◆ Required work ◆
Drop the images; return everything else in the listing below exactly.

◆ Stored data ◆
----------------------------------------

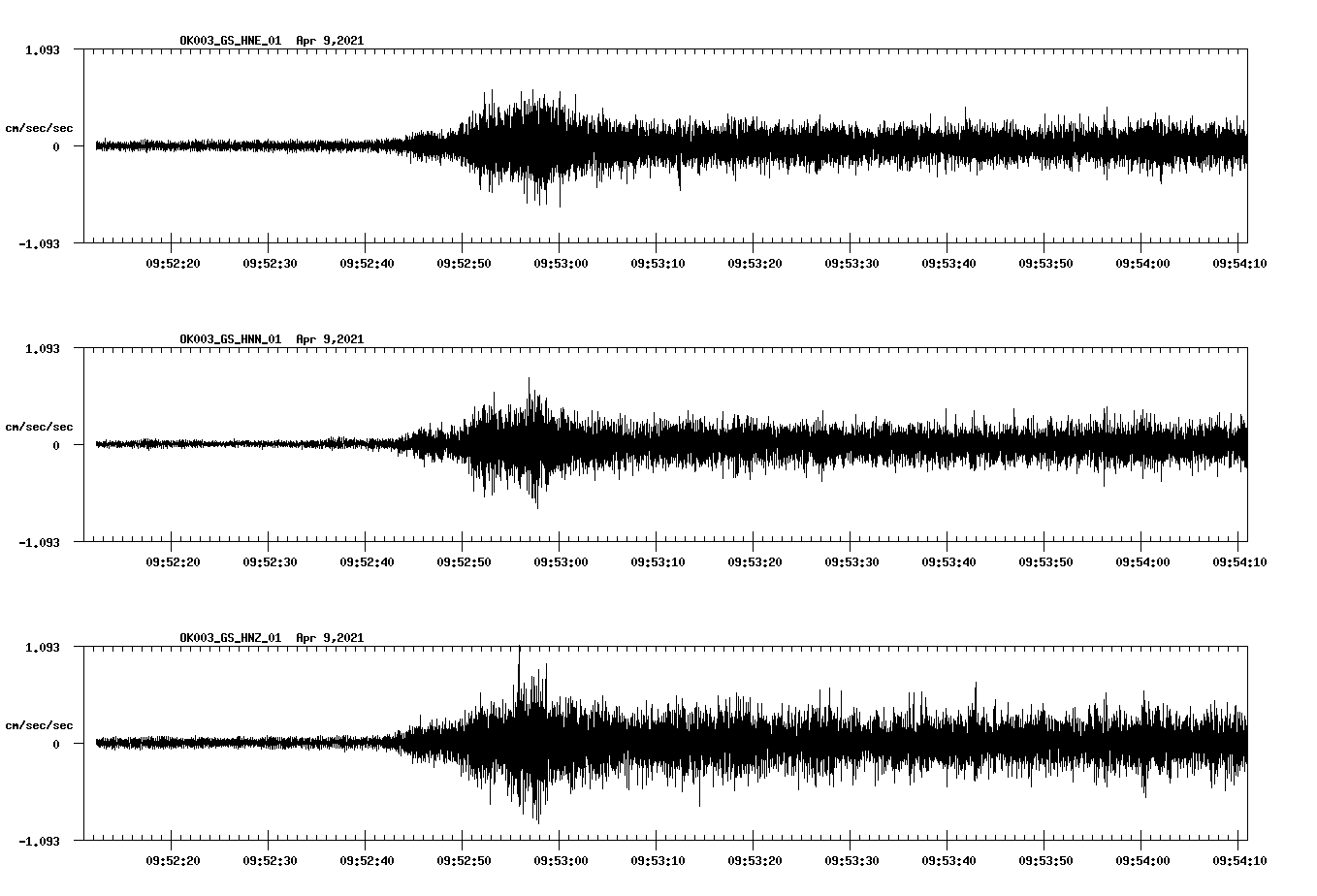 NetQuakes seismogram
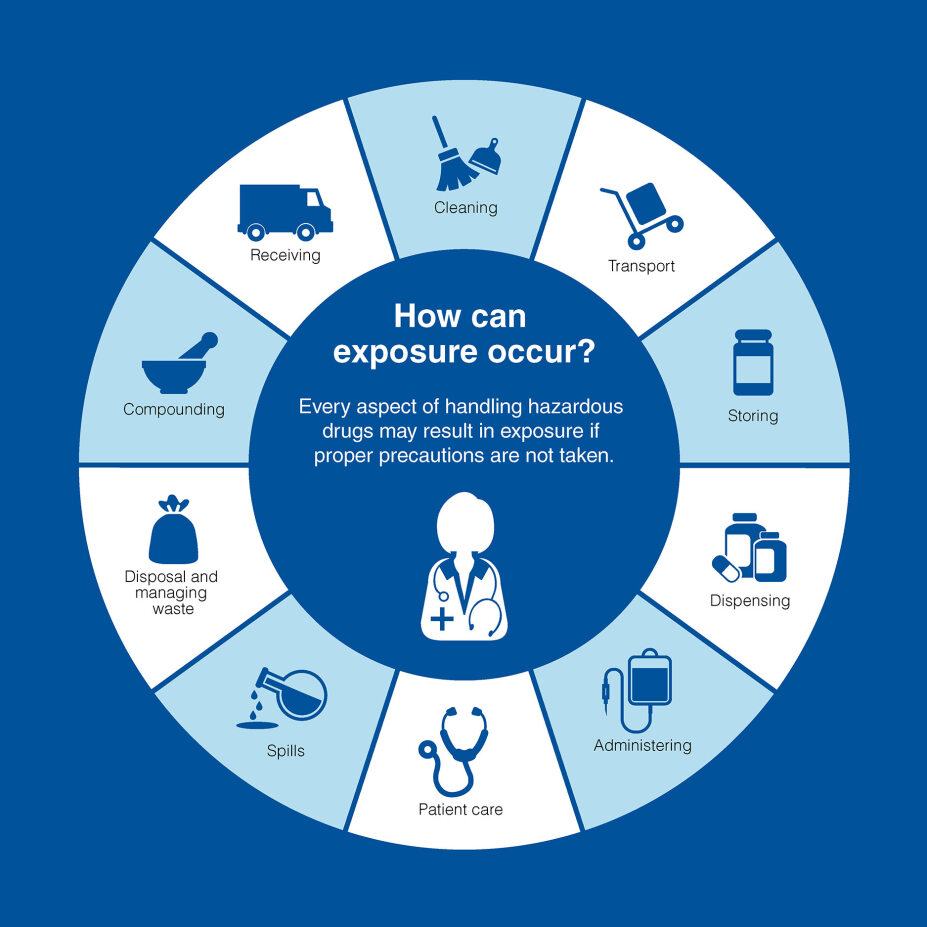 How can exposure occur? Every aspect of handling hazardous drugs may result in exposure if proper precautions are not taken.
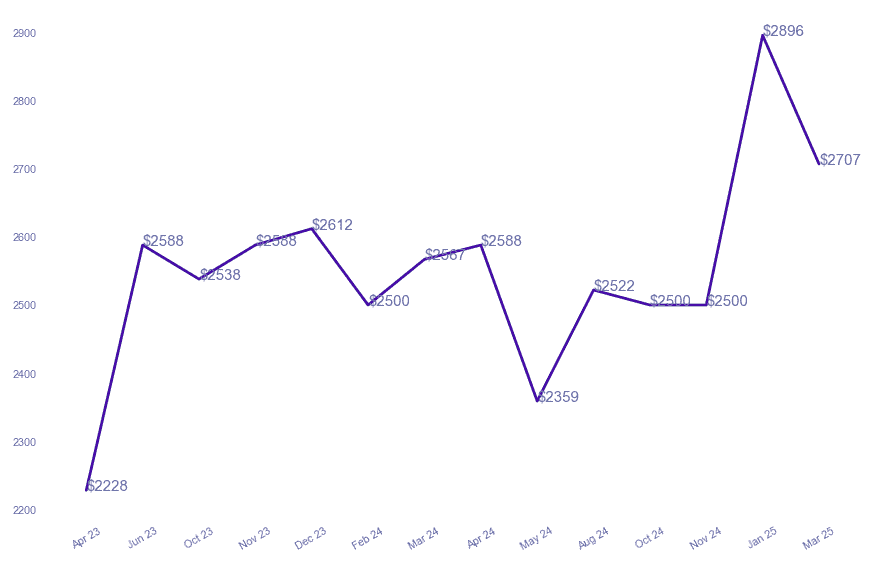 chart_img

----------------------------------------

◆ Answer area ◆
 NetQuakes seismogram
 How can exposure occur? Every aspect of handling hazardous drugs may result in exposure if proper precautions are not taken.
 chart_img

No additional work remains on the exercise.